*Recorded data*
Content starts

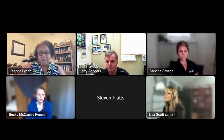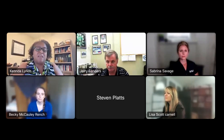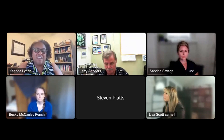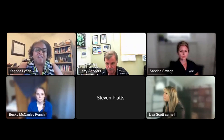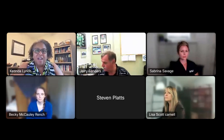I want to thank our wonderful panel of speakers again today for their great presentations and all their answers, and thank you to all of our participants for all your wonderful questions today.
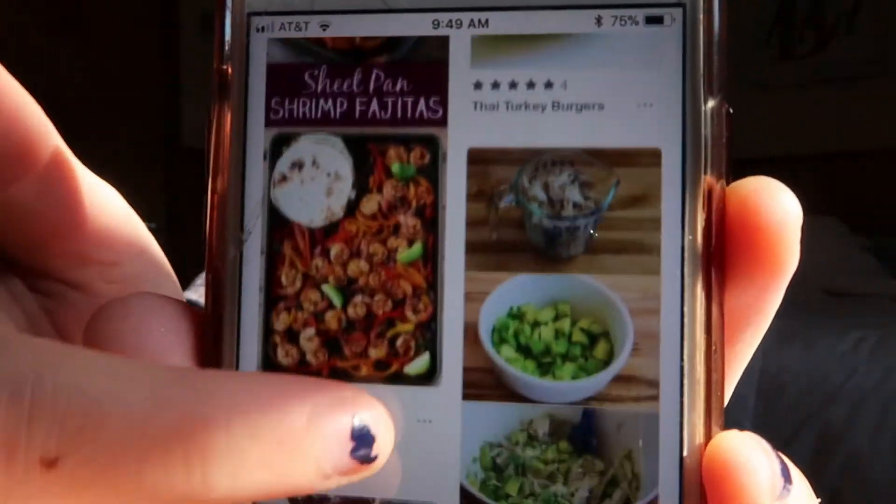I also type 'clean eats' into the Pinterest search panel, because I find that 'healthy' means something different to a lot of people. Typing in 'clean eats' brings up cleaner, healthier replacement-type meals. For example, I love zoodles, so it shows a lot of things with zoodles, turkey, etc. I scroll through, find ones I like, save them to my album for future weeks, and add any I want into my week ahead.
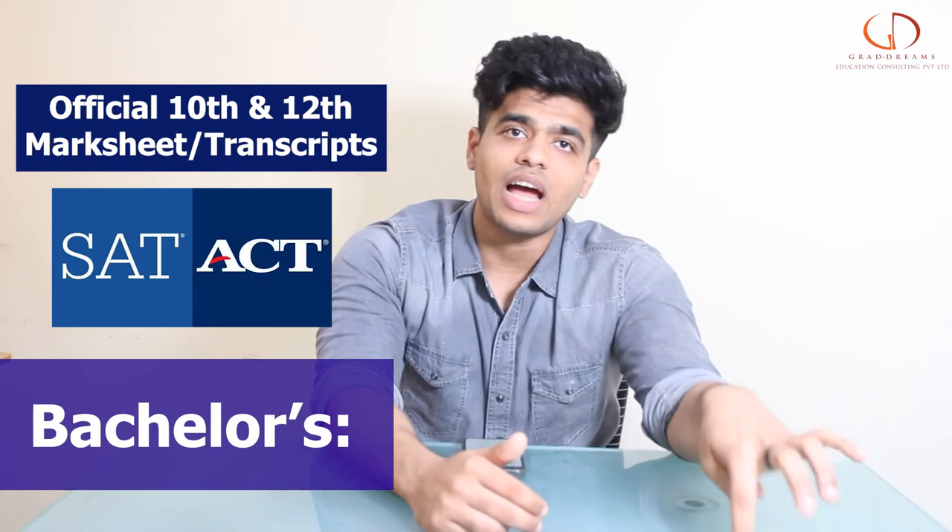If you want to apply for a bachelor's degree, you need to have your 12th standard marks and transcripts. Along with that, you also need to give ACT, SAT, IELTS, or TOEFL.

Content ends

*Work request*
What you return should match the material line for line, with the images removed.

*Solution to the exercise*
I want to thank our wonderful panel of speakers again today for their great presentations and all their answers, and thank you to all of our participants for all your wonderful questions today.
I also type 'clean eats' into the Pinterest search panel, because I find that 'healthy' means something different to a lot of people. Typing in 'clean eats' brings up cleaner, healthier replacement-type meals. For example, I love zoodles, so it shows a lot of things with zoodles, turkey, etc. I scroll through, find ones I like, save them to my album for future weeks, and add any I want into my week ahead.
If you want to apply for a bachelor's degree, you need to have your 12th standard marks and transcripts. Along with that, you also need to give ACT, SAT, IELTS, or TOEFL.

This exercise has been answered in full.